* [GIVEN MATERIAL]
- Opening Delimiter -

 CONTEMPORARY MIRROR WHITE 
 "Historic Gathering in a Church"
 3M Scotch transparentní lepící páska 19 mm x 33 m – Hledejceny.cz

- Closing Delimiter -

In this exercise, the data above is to be printed exactly.

 CONTEMPORARY MIRROR WHITE 
 "Historic Gathering in a Church"
 3M Scotch transparentní lepící páska 19 mm x 33 m – Hledejceny.cz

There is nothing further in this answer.